Lecciones extraíbles del accidente de José Antonio Reyes

«Las imprudencias se pagan»

Estos días es noticia que un vehículo se ha salido de la vía por exceso de velocidad, resultando herido grave un varón y otros dos fallecidos. No era cualquier coche, un Mercedes Clase S preparado por Brabus (W221), y tampoco era cualquiera el conductor, sino el futbolista José Antonio Reyes. Precisamente por esto último el minutaje en las televisiones y la cantidad de tinta electrónica y normal empleada en comentarlo ha sido mayor de la habitual en este tipo de informaciones.

Vaya por delante el pésame para los familiares y amigos del futbolista, de su primo Jonathan Reyes -que también falleció-, y ánimo para que el tercer ocupante, Juan Manuel Calderón, muy grave, para que sane de sus heridas. Los comentarios en lo futbolístico de José Antonio Reyes exceden el ámbito de esta publicación y los daré por sabidos. A partir de aquí, me ceñiré a los hechos.

Reyes, primo y acompañante venían de Almendralejo (Badajoz) después de un entrenamiento. Tenían por delante casi 195 kilómetros y tenían «un poco de prisa». Era sábado casi a mediodía

El atestado de la Guardia Civil, todavía provisional, habla de una velocidad en torno a 237 km/h, un toque contra un guardarraíl en la A-376 pk. 18 (de Sevilla a Utrera), pérdida de control, salida de vía y explosión e incendio del coche a 200 metros de la calzada. Lo poco que quedó del coche es prácticamente irreconocible, y ya es en sí un milagro que haya sobrevivido alguien a un impacto de semejante violencia. Las fotos son muy fáciles de encontrar, ni tengo los derechos para reproducirlas ni me parecen plato de buen gusto.

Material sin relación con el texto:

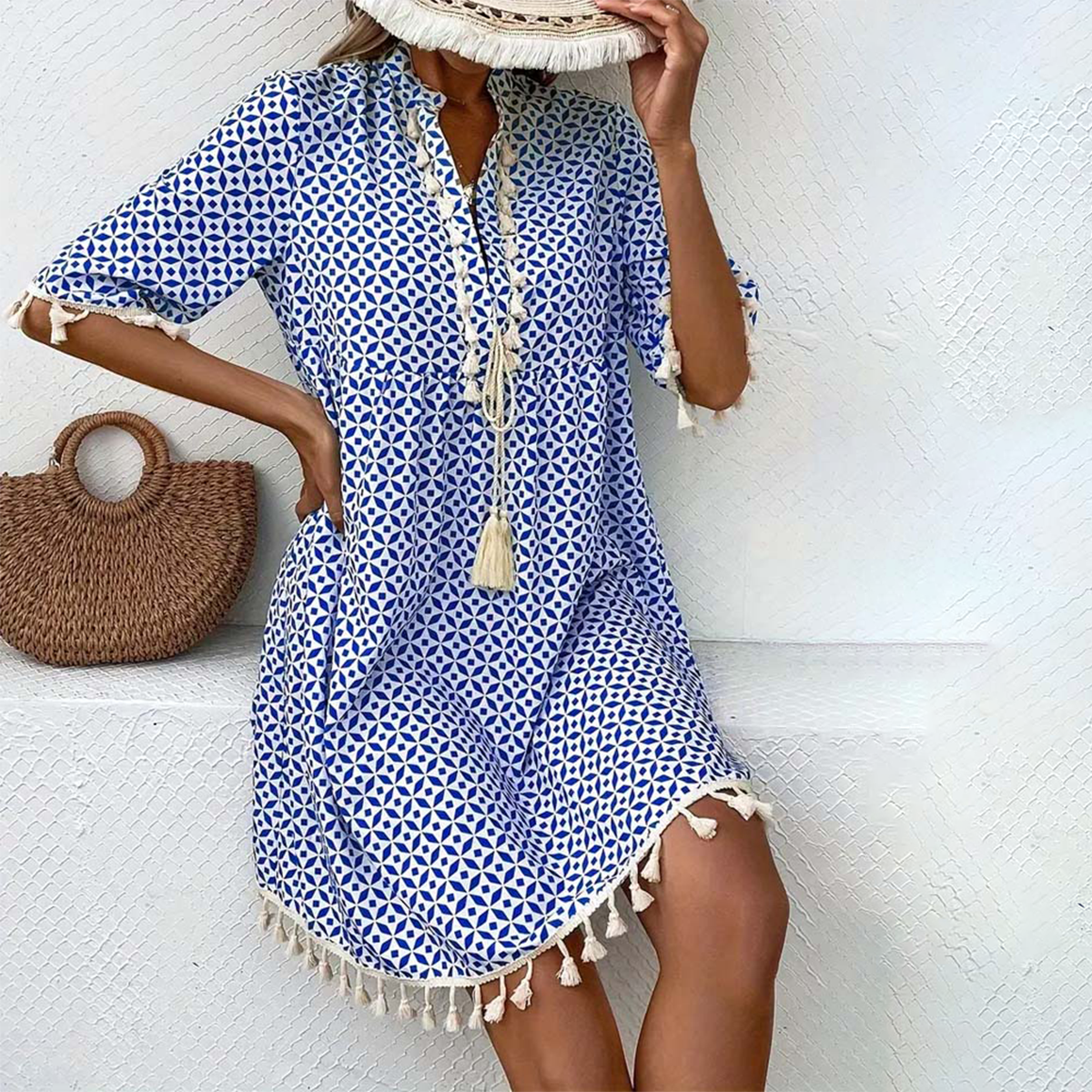 Women's Printed Mini Dress Comfortable Summer Wear - VibreMode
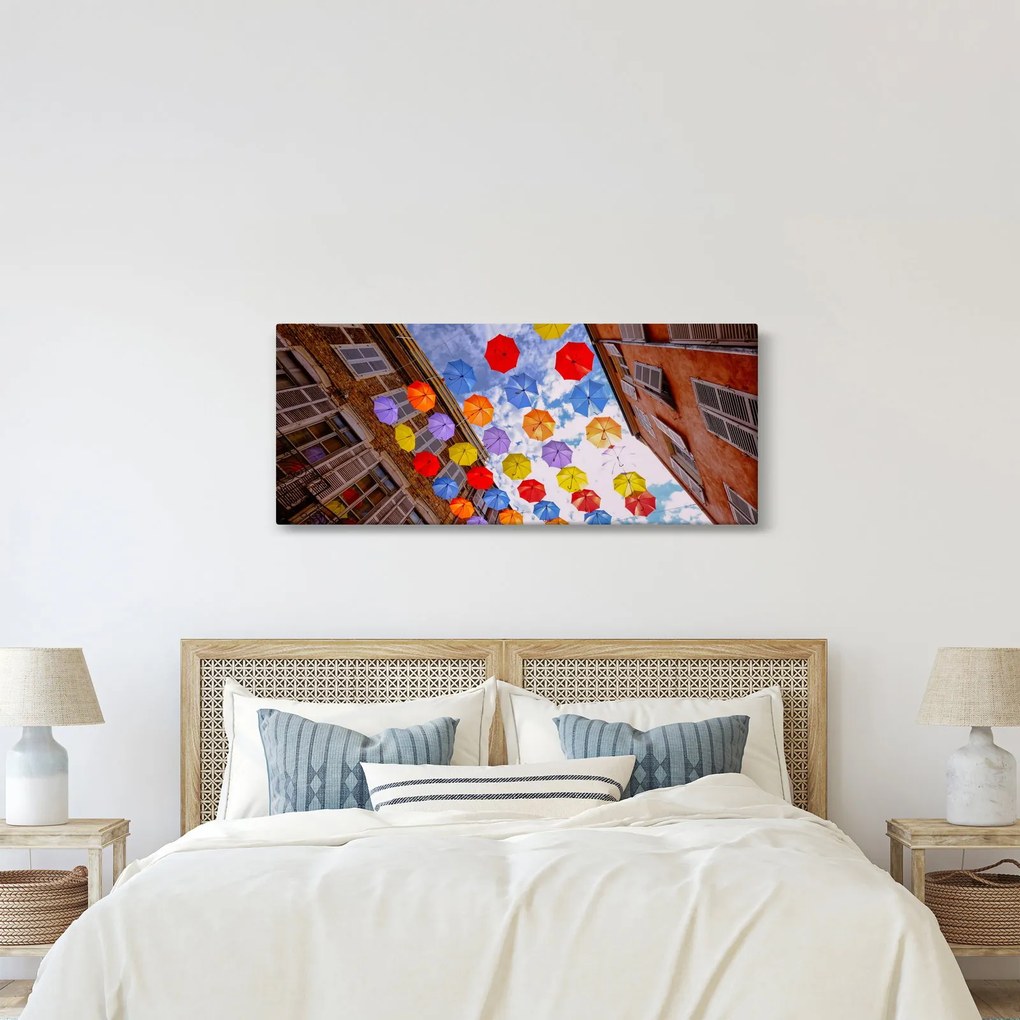 Színes esernyők képe (120x50 cm)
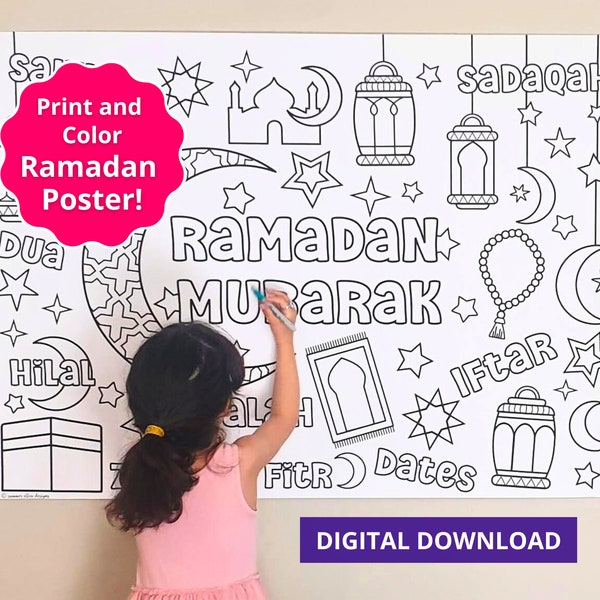 Affiche à colorier géante Ramadan Moubarak - Décoration bricolage Ramadan pour enfants et adultes - Bannière Ramadan - PDF à téléchargement immédiat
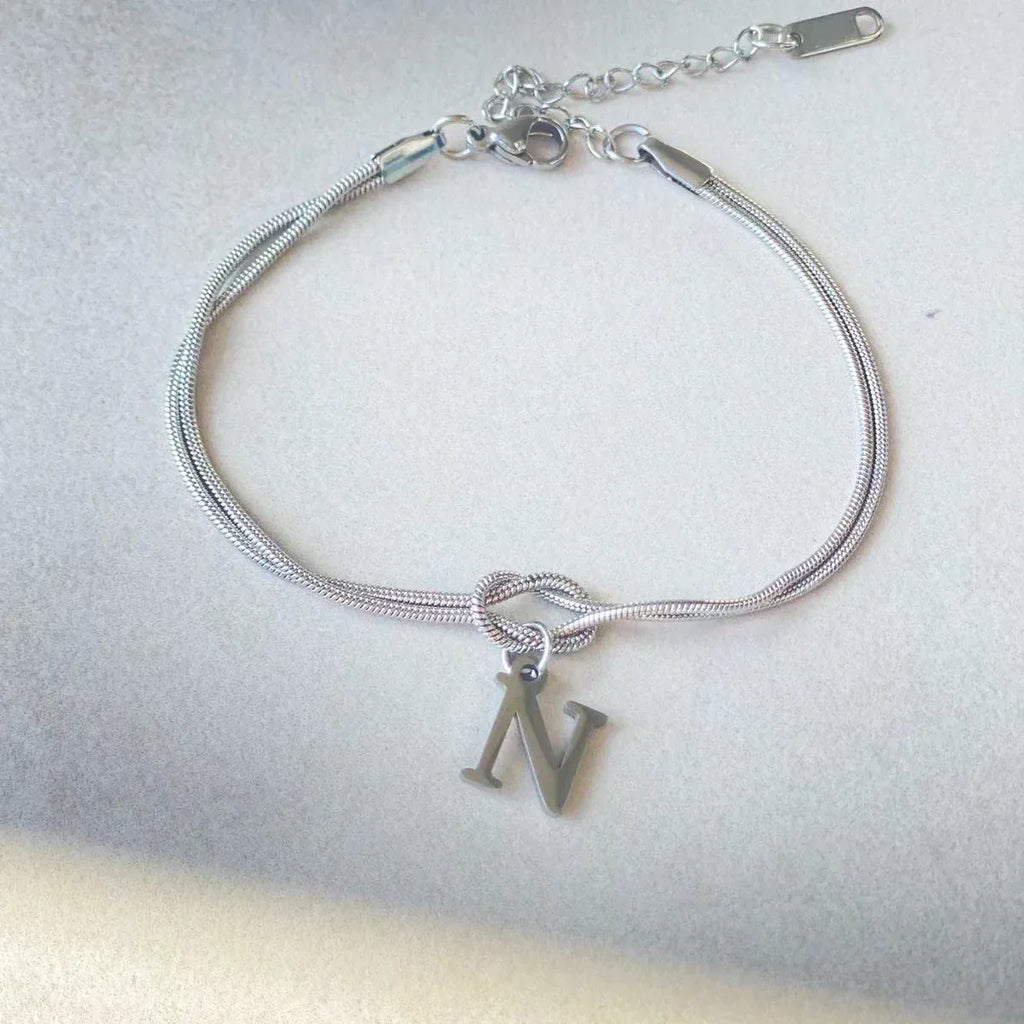 stainless-steel-26-letter-pendant-bracelet - Viexta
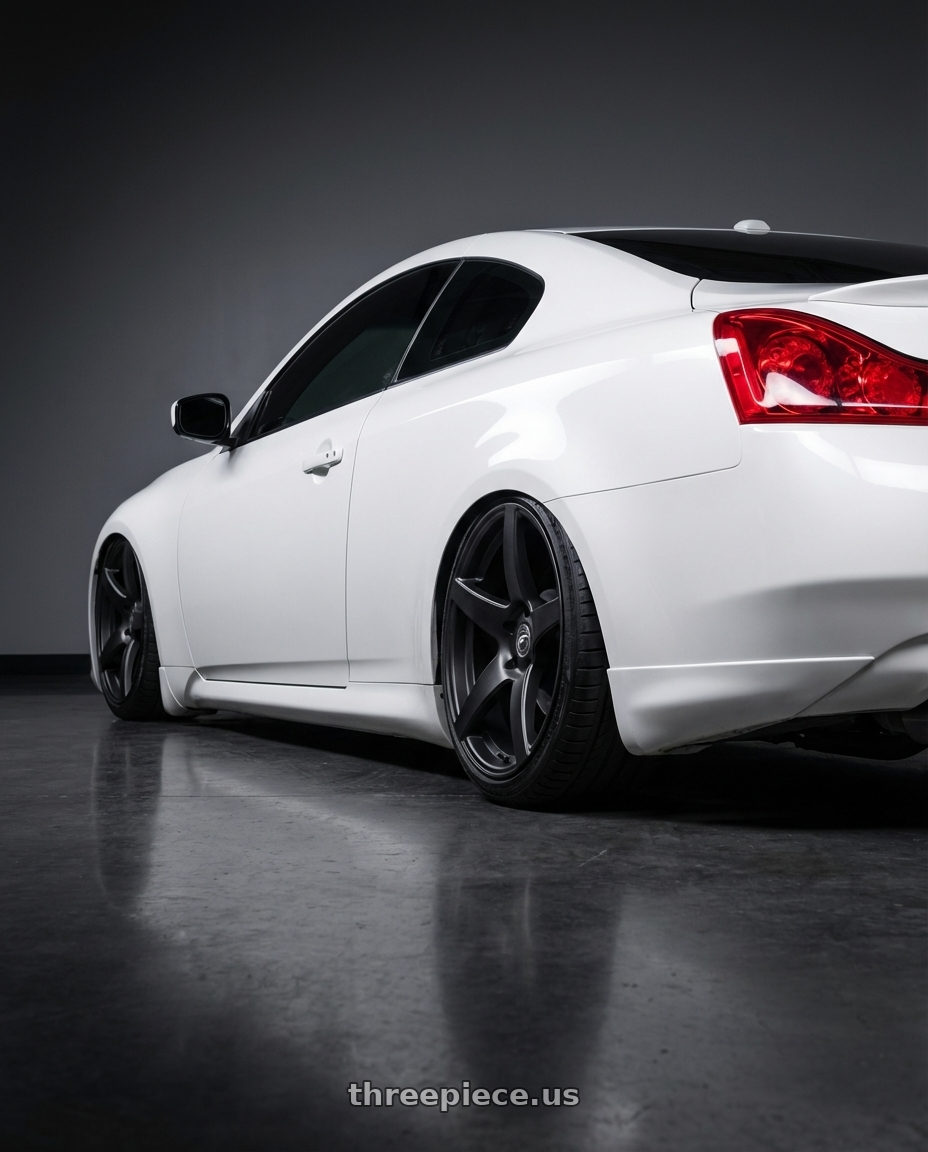 2014 Infiniti G37 Coupe with Forgestar CF5 5x114.3 19x9 +35 Satin Black wheels rear three quarter view slight stretch tires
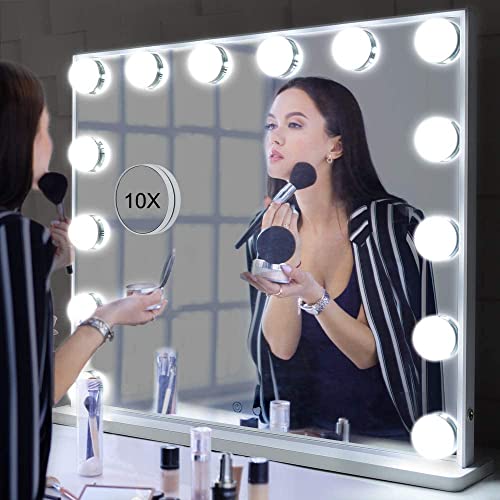 Schminkspiegel mit Beleuchtung Hollywood Spiegel Kosmetikspiegel mit LED-Lampen Dimmbar Wandspiegel Tischspiegel Weiß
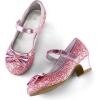 imageK KomForme Girls Dress Shoes Mary Jane Glitter 15 in Low Heel Wedding Party Princess Shoes for ToddlerLittleBig KidsPink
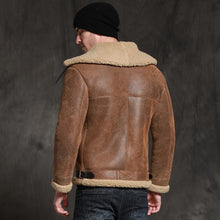 Load image into Gallery viewer, Mens Brown Short Sheepskin Fur Shearling Leather Jacket Coat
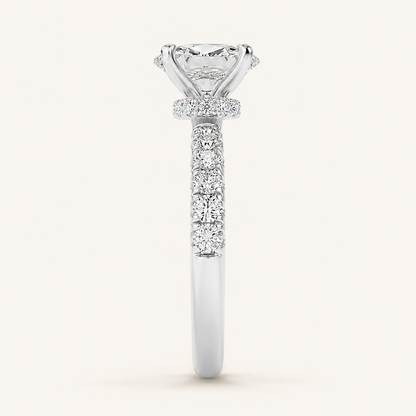 2CT Oval Cut Lab Grown Diamond Halo Accented Ring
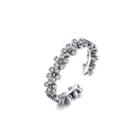 925 Sterling Silver Vintage Elegant Flower Cubic Zirconia Adjustable Open Ring Silver - One Size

Hace 10 años informé de la finalización de la A-376 entre Sevilla y Utrera, que era noticiable de por sí al haberse terminado la infraestructura en 18 años. La carretera se construyó a un ritmo medio de 1.333 mm anuales, a 237 km/h se recorre a razón de 65.833 mm por segundo. Los 24 kilómetros que separan ambas localidades, suponiendo movimiento lineal rectilíneo puro, se harían en apenas 6 minutos a ese ritmo.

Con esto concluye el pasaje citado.